As our series on SQL Server data warehouse & BI for DBAs continues, I want to now switch to data integration, or ETL, with SQL Server Integration Services (SSIS). Previously, I’ve scratched the surface on some things to look for, monitor and links to further reading on Reporting Services and Analysis Services. Now let’s touch on SSIS for Integration Services. I’ll come back around with a second round for some other areas that DBAs need to be aware of in terms of all 3 SQL Server BI/DW tools that are in the SQL Server box (SSIS, SSRS, SSAS) but let’s start here with SSIS today.
I’ll talk about 3 common areas for DBAs with SSIS:
1. Monitoring SSIS
SSIS is not just for ETL for moving data into data warehouses. It’s also not only for data integration, such as from other systems (and other database types) into SQL Server. For that matter, you can even more data into Oracle, Teradata or other databases with SSIS. DBAs also use SSIS frequently for tasks such as exporting and importing data with Excel or text files. It is used to move database logins and other database objects.
But when you are responsible for the daily care & feeding of an SSIS package that was deployed into production and developer by an ETL developer, you are now in charge of monitoring the health and success of that workflow. You can use Perfmon to monitor pipeline buffers (more on this below and from SQL CAT below) from SSIS executions and I recommend capturing those through tools like data collectors because your jobs will likely run overnight and you can then capture history and monitor that over time for spikes and trends. I like this MSSQLTIPS entry on SSIS Perfmon counters for more.
Errors, failures and logs from the package executions will depend on how the SSIS developer configured the package. They can use events in the package to log to a table or file, which is a good practice, or you can view the job success/failure in the activity monitor for the job. Default logging from the SSIS package should be enabled by the developer before deploying into production such that errors are logged to a target like a flat file or table. You can use the BOL entry on this option and make sure that the logging is working in production, not just in development or staging. I’ve seen that not be the case many times. Although this is not a blog post on SSIS development, I do want to point you to the Codeplex community site for SSIS, which includes some example projects that make error logging a bit easier on the developer. Once in production, you’ll be thankful for the additional log messages!
2. Scheduling SSIS
After the SSIS package is developed in BIDS and then deployed, you can store it either in MSDB or on the file system. As the pic below indicates, you can then schedule the job to run on a schedule from SQL Server Agent Jobs. Just as something of a note that I see often, you’ll want to make sure that the jobs have nice long descriptive names so that you can see at a glance from your job activities that they are ETL jobs, data integration, maintenance plans, backup jobs, etc. You can control the job security roles and run package manually by logging into the SQL Server Integration Services service from SSMS.

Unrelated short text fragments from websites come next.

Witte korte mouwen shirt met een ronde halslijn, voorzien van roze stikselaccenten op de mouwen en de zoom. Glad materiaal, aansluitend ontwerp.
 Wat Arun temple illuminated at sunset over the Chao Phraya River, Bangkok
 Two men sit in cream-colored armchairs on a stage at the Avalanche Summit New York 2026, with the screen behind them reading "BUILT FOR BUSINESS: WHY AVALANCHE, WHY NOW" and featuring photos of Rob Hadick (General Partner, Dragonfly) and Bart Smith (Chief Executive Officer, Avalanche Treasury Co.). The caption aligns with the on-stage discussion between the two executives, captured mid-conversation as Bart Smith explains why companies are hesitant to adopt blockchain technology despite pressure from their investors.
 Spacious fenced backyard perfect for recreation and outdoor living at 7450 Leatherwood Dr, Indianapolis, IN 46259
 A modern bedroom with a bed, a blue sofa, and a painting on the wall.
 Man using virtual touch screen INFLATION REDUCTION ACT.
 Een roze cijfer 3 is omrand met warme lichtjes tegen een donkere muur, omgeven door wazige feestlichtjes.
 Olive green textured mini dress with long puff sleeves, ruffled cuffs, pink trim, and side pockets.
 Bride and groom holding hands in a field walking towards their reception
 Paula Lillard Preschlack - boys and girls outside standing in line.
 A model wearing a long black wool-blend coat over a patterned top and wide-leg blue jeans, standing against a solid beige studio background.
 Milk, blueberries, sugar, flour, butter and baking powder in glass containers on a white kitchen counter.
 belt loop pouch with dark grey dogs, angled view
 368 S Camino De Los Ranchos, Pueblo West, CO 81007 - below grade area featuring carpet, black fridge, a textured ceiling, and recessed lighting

A common practice that I see a lot and works very well is that when you have a sequence of SSIS jobs that need to run serially, is to create a master “controlling” job to call the subsequent SSIS package jobs as described in the BIDN website which was started up by the folks at Pragmatic Works. With this technique, you won’t need to sequence these from the SQL Agent jobs control and have separate configuration files for multiple packages. That being said, there is much more work that the developer needs to go through that the link I gave you above helps to describe.
3. Changing SSIS Workflows & Configurations
The SSIS developer will hopefully have utilized package variables that give you flexibility to configure file names, locations and other parameters so that the package does not need to be modified in a BIDS development environment. For a DBA, the ability to configure the package at run time is crucial. The developer can enable package configurations from the Control Flow surface in BIDS with right-click selection Package Configurations.
As you can see in this dialog box, the configurations can be stored and configured from a range of choices like XML file, registry entry, SQL table, etc.
I don’t have the space or time in this posting to talk about best practices with SSIS workflows. As always, I’ll point you to the seminal experts on SQL Server best practices, the SQL CAT team here with their top-10 list of SSIS best practices. As a DBA, you may not need to use all of that information. But an important note in there is the point that many SSIS workflows are performed in memory in the SSIS pipeline. So you will see a spike in memory consumption from the SSIS execution. What you’ll really want to look for in most common cases with SSIS, which is used as an ETL tool for loading data warehouses, will be failed executions of the packages, updates and inserts from the log files.